"A non-numerical knock this season against the candidacy of Felix Hernandez was that, unlike most of the top candidates for the American League Cy Young Award, he pitched in no pressure games.
No argument there. By definition (with the exception of a season opener due to the presence of confetti, fireworks and hope), there are no pressure games in April, when the Mariners last were seen.
Once the flowers of May were dropped on the Mariners' competitive grave for 2010, Hernandez was free of any serious team-wide consequence that came with a poorly pitched game.
He had almost none.
Among all his feats in 2010, that may have been the most impressive. He never let the fetid mess in which he stood affect his deeds.
The idea that pressure of the pennant race defines the quality of player performance is one of the weirder little myths of sports.
If an athlete is good enough to be a major contributor to a team in the crucible, he's supposed to be at the acme of his ability. Pressure might affect a scrub thrown into the September fray, but by definition, a star is supposed to deliver.
So it seems a little odd to convey an ultimate seasonal award upon someone whose primary feat is to meet expectations on a successful team.
When a guy delivers for a tin-pot outfit as Hernandez did for the Mariners, that is eminently worthy of salute.
Fortunately, the members of the Pro Baseball Writers Association of America are a wise and insightful lot. Or maybe it's just that we're a tad smarter than we used to be.

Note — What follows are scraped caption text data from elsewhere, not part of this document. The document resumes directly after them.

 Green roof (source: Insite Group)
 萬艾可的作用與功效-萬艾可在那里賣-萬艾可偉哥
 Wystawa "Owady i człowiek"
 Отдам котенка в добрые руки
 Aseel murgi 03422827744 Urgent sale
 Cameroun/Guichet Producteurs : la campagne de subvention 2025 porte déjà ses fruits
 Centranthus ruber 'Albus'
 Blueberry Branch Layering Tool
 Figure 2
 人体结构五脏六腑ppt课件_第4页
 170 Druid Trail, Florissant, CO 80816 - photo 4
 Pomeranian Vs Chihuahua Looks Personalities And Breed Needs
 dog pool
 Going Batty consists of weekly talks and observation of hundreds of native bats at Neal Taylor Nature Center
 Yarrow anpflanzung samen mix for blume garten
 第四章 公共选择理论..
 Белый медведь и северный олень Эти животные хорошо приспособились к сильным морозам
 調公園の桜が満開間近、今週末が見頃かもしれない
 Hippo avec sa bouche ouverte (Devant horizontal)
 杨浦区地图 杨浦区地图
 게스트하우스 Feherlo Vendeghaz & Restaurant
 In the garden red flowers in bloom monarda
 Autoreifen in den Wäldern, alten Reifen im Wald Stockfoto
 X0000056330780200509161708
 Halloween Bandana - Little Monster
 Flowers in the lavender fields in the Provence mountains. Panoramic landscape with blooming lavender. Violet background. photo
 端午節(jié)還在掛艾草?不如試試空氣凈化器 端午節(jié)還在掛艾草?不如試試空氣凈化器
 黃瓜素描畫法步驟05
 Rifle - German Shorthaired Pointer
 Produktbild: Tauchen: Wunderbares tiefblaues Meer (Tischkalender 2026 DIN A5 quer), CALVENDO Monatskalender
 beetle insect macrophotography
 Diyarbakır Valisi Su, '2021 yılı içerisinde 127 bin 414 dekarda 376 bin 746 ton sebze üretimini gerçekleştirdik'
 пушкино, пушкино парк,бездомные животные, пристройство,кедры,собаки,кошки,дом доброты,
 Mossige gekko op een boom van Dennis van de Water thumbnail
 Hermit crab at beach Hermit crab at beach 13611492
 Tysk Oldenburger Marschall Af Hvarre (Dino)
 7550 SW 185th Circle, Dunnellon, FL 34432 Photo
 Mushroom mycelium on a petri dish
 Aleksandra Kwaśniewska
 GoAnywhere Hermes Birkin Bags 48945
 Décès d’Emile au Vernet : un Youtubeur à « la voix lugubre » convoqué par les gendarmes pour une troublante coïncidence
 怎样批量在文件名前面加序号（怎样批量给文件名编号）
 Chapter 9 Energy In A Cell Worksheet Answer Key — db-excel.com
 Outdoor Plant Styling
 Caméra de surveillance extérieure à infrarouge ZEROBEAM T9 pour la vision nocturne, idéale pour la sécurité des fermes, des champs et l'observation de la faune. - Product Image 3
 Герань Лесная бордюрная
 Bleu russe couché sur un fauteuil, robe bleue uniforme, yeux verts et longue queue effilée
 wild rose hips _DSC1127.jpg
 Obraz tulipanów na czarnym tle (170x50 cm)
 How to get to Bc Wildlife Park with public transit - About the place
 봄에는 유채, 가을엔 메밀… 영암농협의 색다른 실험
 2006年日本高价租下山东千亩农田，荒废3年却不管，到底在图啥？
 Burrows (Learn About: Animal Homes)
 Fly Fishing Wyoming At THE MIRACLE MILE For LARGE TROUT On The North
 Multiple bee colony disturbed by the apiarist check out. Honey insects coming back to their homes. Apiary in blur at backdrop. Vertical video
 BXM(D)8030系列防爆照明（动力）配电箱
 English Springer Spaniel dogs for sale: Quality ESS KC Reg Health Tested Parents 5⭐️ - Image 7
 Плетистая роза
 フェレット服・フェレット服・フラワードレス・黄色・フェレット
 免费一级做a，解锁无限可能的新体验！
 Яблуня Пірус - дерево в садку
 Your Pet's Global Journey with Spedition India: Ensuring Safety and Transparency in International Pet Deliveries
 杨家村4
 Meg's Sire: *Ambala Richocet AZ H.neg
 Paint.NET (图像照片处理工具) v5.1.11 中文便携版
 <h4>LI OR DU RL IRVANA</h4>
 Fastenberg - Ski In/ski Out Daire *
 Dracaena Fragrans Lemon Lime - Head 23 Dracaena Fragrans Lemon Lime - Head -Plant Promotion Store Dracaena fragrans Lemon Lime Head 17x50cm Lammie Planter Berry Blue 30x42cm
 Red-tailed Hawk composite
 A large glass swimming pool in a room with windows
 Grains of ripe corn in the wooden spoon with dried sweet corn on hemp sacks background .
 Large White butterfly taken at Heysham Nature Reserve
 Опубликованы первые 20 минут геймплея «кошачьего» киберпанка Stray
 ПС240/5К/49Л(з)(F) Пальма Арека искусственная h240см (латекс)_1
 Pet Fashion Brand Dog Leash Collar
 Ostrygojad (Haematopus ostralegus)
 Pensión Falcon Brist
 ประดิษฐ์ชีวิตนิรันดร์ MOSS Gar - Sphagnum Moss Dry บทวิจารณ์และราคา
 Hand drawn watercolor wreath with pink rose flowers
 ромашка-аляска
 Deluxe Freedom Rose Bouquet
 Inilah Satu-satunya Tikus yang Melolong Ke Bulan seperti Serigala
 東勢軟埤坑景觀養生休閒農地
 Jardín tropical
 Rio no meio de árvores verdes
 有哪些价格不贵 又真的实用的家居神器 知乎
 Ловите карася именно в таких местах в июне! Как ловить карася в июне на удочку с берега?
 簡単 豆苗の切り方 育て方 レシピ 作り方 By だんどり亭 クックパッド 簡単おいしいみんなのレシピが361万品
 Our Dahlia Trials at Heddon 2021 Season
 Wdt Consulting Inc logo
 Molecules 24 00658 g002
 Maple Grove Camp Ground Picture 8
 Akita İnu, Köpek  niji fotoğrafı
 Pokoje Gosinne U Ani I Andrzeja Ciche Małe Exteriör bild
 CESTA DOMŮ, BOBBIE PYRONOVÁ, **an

The fact that Hernandez won only 13 games and was still recognized by writers as the game's best pitcher is a step forward in spreading the understanding of the game's subtleties. It's also about the only way an athlete in Seattle is going get some celebrity, because it isn't likely to be on the shoulders of team glory.
Creating significance by parsing Hernandez's accomplishments with statistical clarity is a necessary deed, given the Mariners' flaccidness, as well as the availability of data. So Hernandez owes some gratitude to the Mariners PR department as well as sabermetricians, those decimal demons who have managed to quantify everything in baseball down to TJORC (tobacco juice over replacement carcinogen).
But it wasn't altogether necessary to do a deep decimal dive to come to a conclusion about Hernandez's worthiness."